TASK DETAILS:
Where a line contains "Chinese woman walking", begin there and restate word for word every line to the end of the entries below, pictures excluded.

RECORDED DATA:

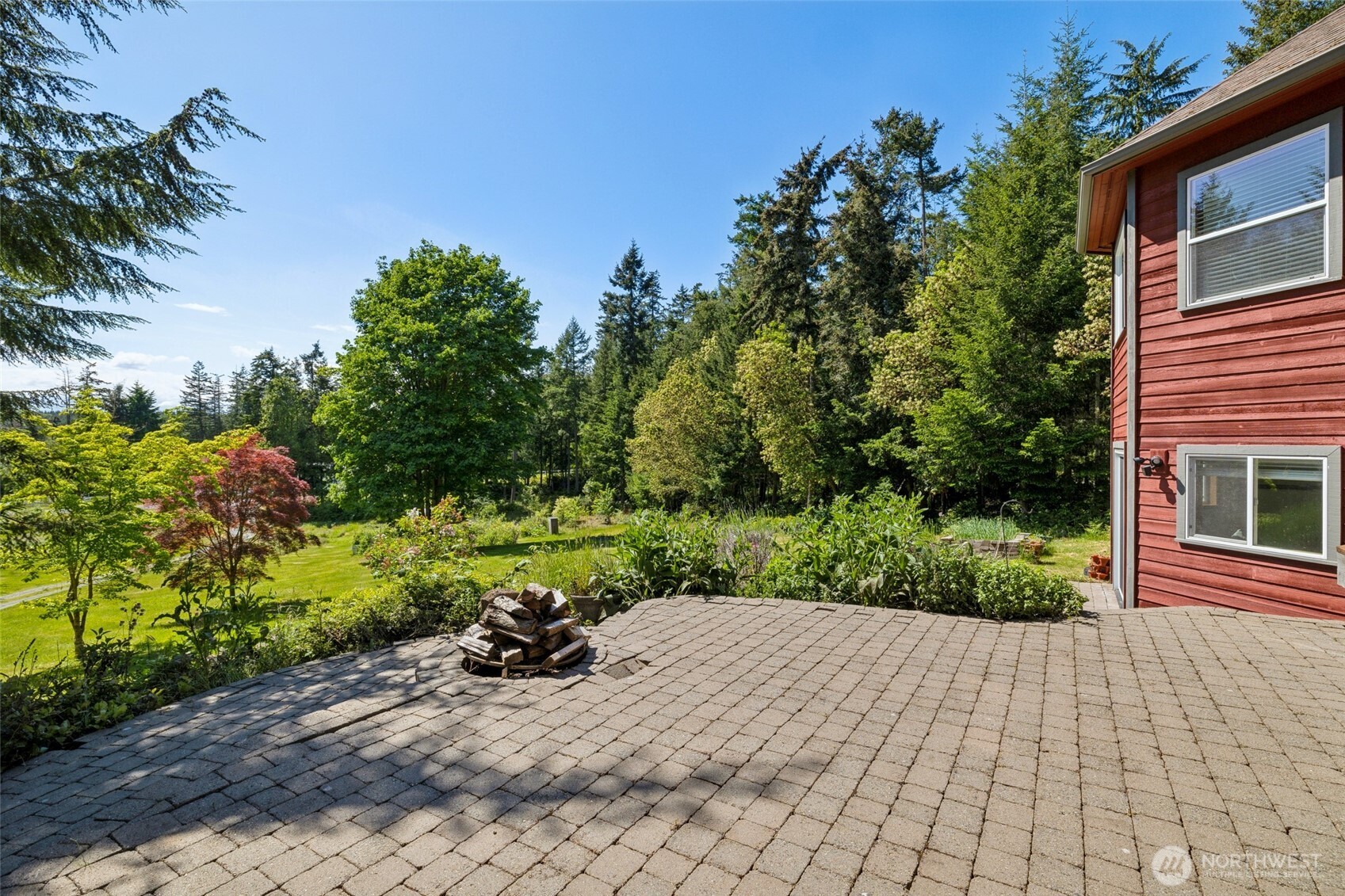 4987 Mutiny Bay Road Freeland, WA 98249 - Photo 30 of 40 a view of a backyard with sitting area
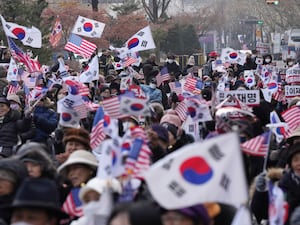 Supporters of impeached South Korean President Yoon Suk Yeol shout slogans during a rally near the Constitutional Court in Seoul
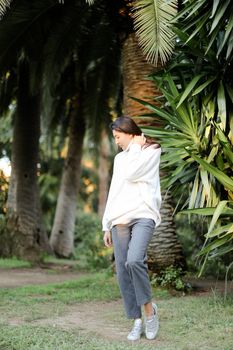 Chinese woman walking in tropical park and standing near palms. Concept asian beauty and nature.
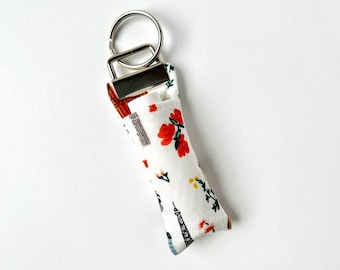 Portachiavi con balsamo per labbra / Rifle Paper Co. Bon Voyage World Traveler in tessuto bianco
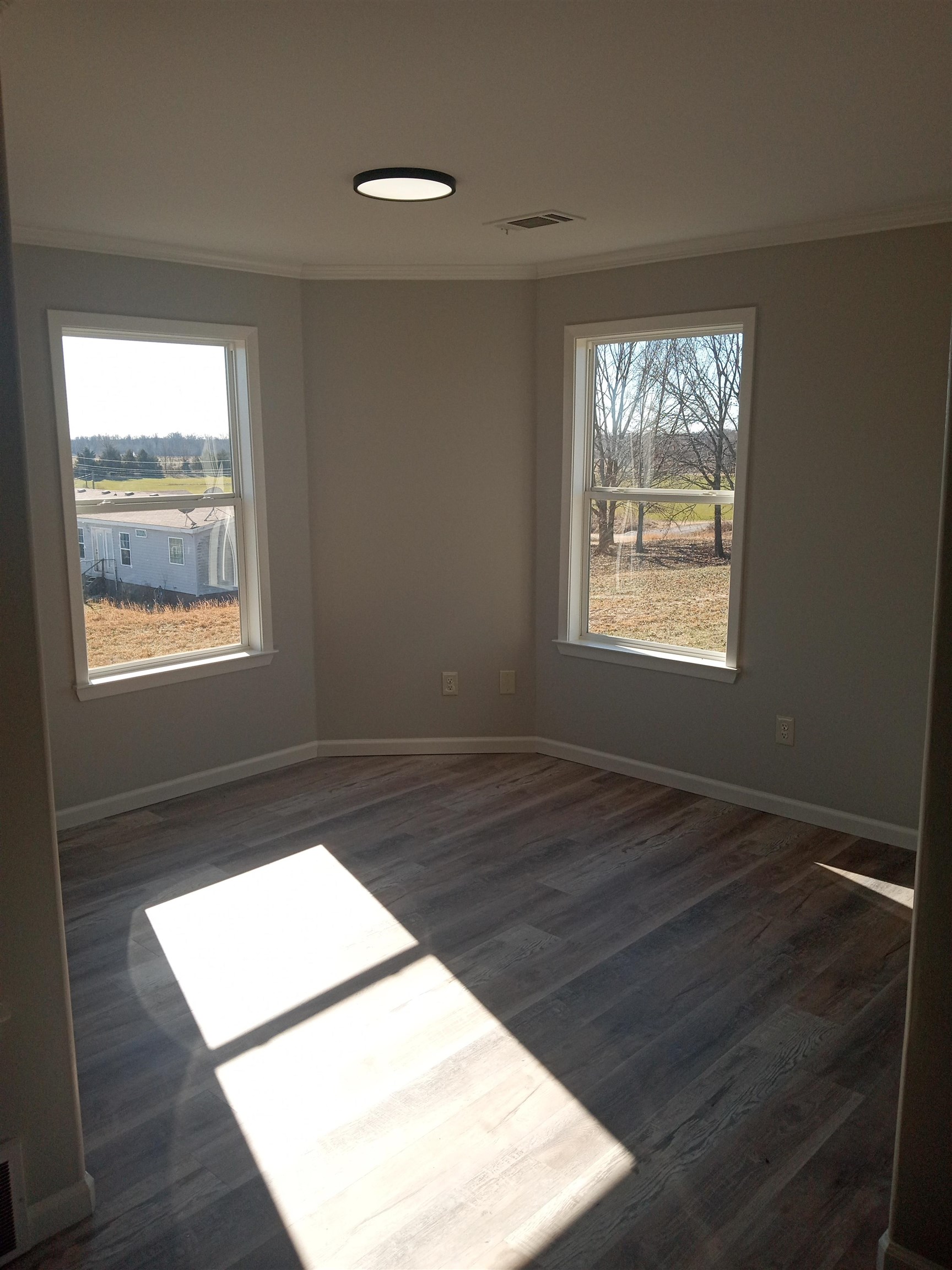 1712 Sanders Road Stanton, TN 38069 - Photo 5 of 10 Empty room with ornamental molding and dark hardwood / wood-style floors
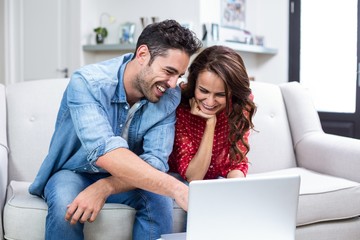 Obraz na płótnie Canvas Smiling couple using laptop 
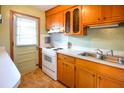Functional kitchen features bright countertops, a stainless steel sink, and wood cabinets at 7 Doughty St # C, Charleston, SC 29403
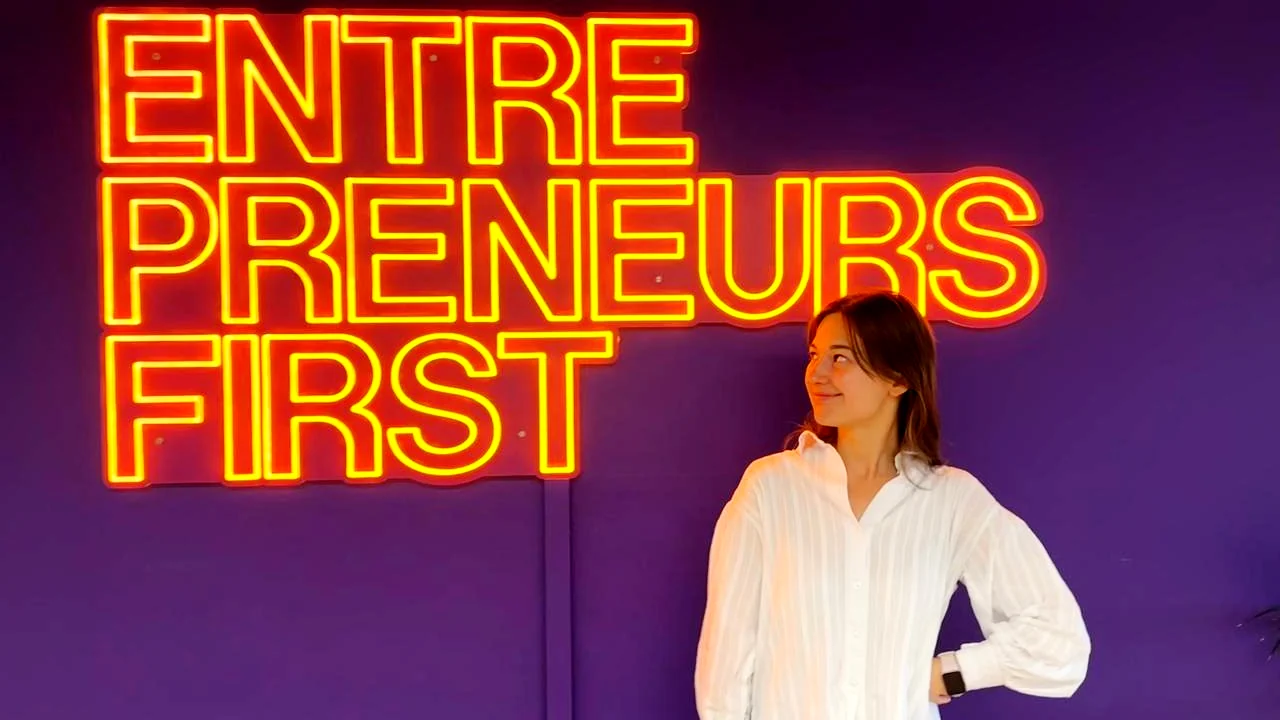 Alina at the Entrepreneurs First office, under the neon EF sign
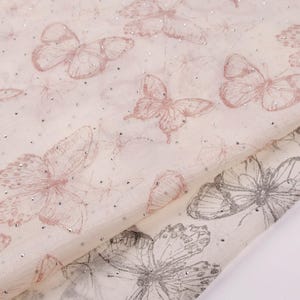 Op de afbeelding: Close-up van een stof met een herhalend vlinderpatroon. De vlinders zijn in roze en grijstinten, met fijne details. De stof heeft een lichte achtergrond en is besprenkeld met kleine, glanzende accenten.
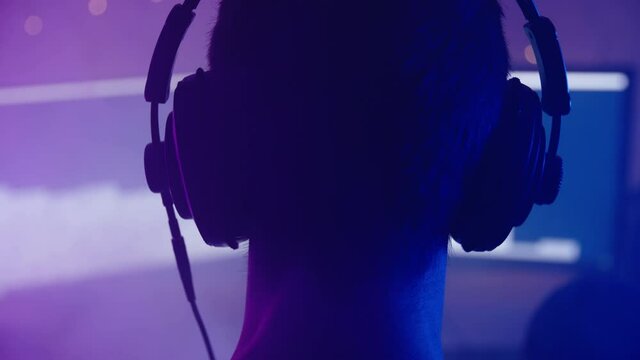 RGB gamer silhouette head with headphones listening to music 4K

TASK OUTPUT:
 Chinese woman walking in tropical park and standing near palms. Concept asian beauty and nature.
 Portachiavi con balsamo per labbra / Rifle Paper Co. Bon Voyage World Traveler in tessuto bianco
 1712 Sanders Road Stanton, TN 38069 - Photo 5 of 10 Empty room with ornamental molding and dark hardwood / wood-style floors
 Obraz na płótnie Canvas Smiling couple using laptop 
Functional kitchen features bright countertops, a stainless steel sink, and wood cabinets at 7 Doughty St # C, Charleston, SC 29403
 Alina at the Entrepreneurs First office, under the neon EF sign
 Op de afbeelding: Close-up van een stof met een herhalend vlinderpatroon. De vlinders zijn in roze en grijstinten, met fijne details. De stof heeft een lichte achtergrond en is besprenkeld met kleine, glanzende accenten.
 RGB gamer silhouette head with headphones listening to music 4K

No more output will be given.